Misplaced Rage

So, a man killed a CEO of a healthcare company, and now everyone’s clutching their pearls, screaming about morality, and demanding justice. The news cycle is flooded with his picture, your timelines are ablaze with outrage, and suddenly you’re all experts on right and wrong. But where the hell was all this energy when that CEO’s company killed thousands of people by denying them life-saving care? Where was your righteous fury when they sent someone to their grave because a computer said their life wasn’t profitable enough? You only care now because it’s convenient. Because it lets you pretend you’re on the side of justice without actually having to confront the systems you defend every day.

Let’s be real—this isn’t about morality. This is about protecting power. You don’t cry for the people denied cancer treatments because they couldn’t afford the co-pay. You don’t mourn the kids who die because their parents couldn’t shell out for insulin. You don’t even blink when an elderly woman has to choose between food and heart medication. But the second someone fights back, the second the system takes even the tiniest hit, you’re suddenly an ethical crusader. Give me a break.

You’re weeping for a CEO, but how many lives did their company destroy? How many people were told, “Sorry, your treatment isn’t covered,” and sent home to die? How many mothers buried their children because they couldn’t afford the medications sitting in that CEO’s billion-dollar stockpile? Don’t act like you didn’t know. Every time a headline pops up about healthcare bankrupting families or someone crowdfunding their chemo, that’s a direct result of the policies this man upheld. But nah, none of that gets your attention. You save your outrage for the man who finally snapped and took out the person at the top. You call it murder when it’s one person pulling the trigger, but what do you call it when a company systematically denies care to thousands? Profit? Business as usual? You don’t want to admit the truth because it’s ugly: the system you live in, pay into, and defend every day is designed to kill the poor while protecting the rich.

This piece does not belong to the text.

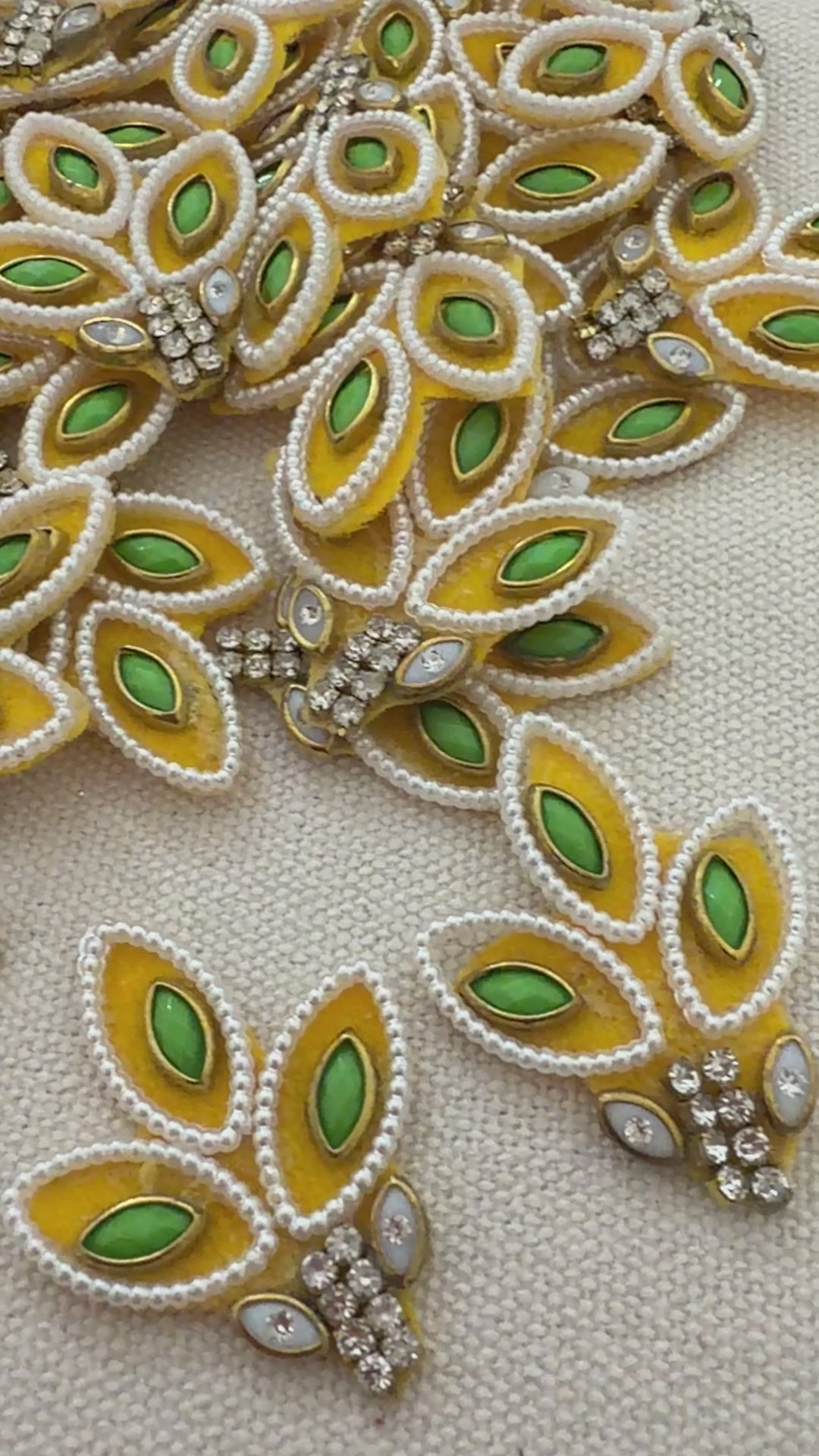 Decorative leaf-shaped embellishments with green and gold colors on a beige background.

And you’re fine with it as long as it doesn’t inconvenience you.

When the powerless die, you’re silent. When the powerful face consequences, you’re outraged. That’s your hypocrisy in a nutshell. You’ve been trained to think violence is only wrong when it goes up the chain, not down. A CEO can bankrupt families, force them to ration medicine, and leave them to die in their living rooms—that’s just capitalism, right? But let someone break out of the cycle and strike back, and suddenly you’re demanding law and order.

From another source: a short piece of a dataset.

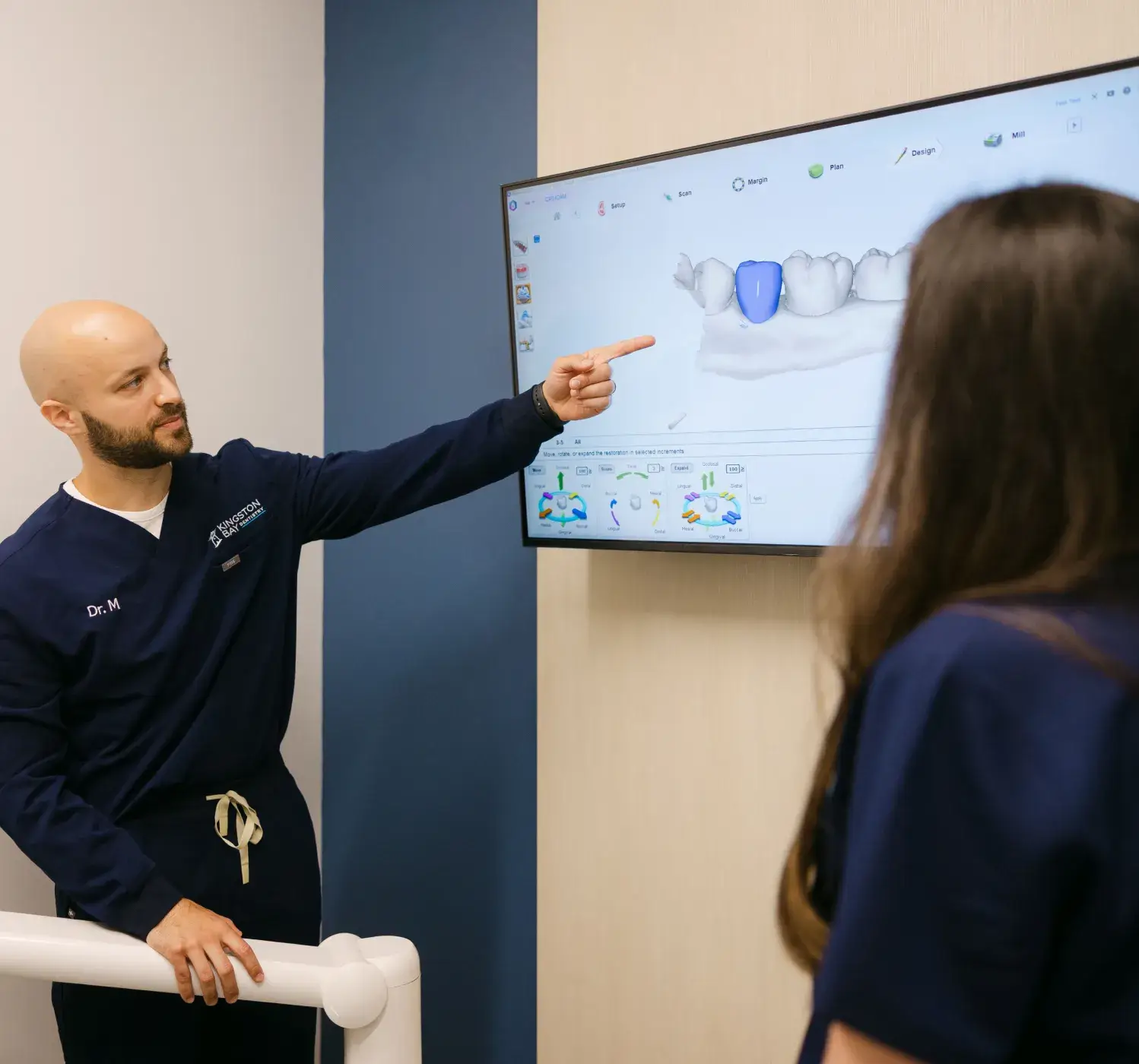 A dentist in blue scrubs points at a dental X-ray on a screen for a patient.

The law protected that CEO every time his company denied care. The law made it legal for him to profit off human suffering. The law is why a diabetic loses their legs while his company buys him a second yacht. Spare me your lectures about morality when the systems you worship are drenched in blood.

You don’t really care about justice. You care about keeping the world comfortable for yourself. Outrage over one dead CEO is easy. It doesn’t require you to think about the people dying quietly in their homes because they couldn’t afford healthcare. It doesn’t force you to confront the fact that you’re complicit in a system that kills people every single day.

But let’s make one thing clear: when people are backed into a corner, when the system leaves them no other options, they will fight back. You might not like it, but don’t pretend you don’t understand it. If the man who killed that CEO was your father, your brother, your friend—someone who watched their loved ones die because of corporate greed—you’d see this differently. You’d realize that this wasn’t senseless violence. It was desperation meeting injustice head-on.

If you’re more upset about one dead CEO than the thousands of lives they had a hand in destroying, you’re part of the problem. You’re the reason these systems continue to exist. Every time you pay your premiums, every time you shrug at another GoFundMe for someone’s medical bills, every time you defend “the way things are,” you’re choosing the side of the killers. So save your self-righteous outrage. It’s hollow, and it stinks of complicity.

You want to mourn someone? Mourn the people who never had a chance because a spreadsheet decided their fate. You want justice? Fight for the families bankrupted by medical bills, the kids who buried their parents too soon, the millions of people left to die in the richest country in the world because profit mattered more than their lives.

Until then, sit the fuck down. Your outrage is misplaced, your morality is selective, and your complicity is showing.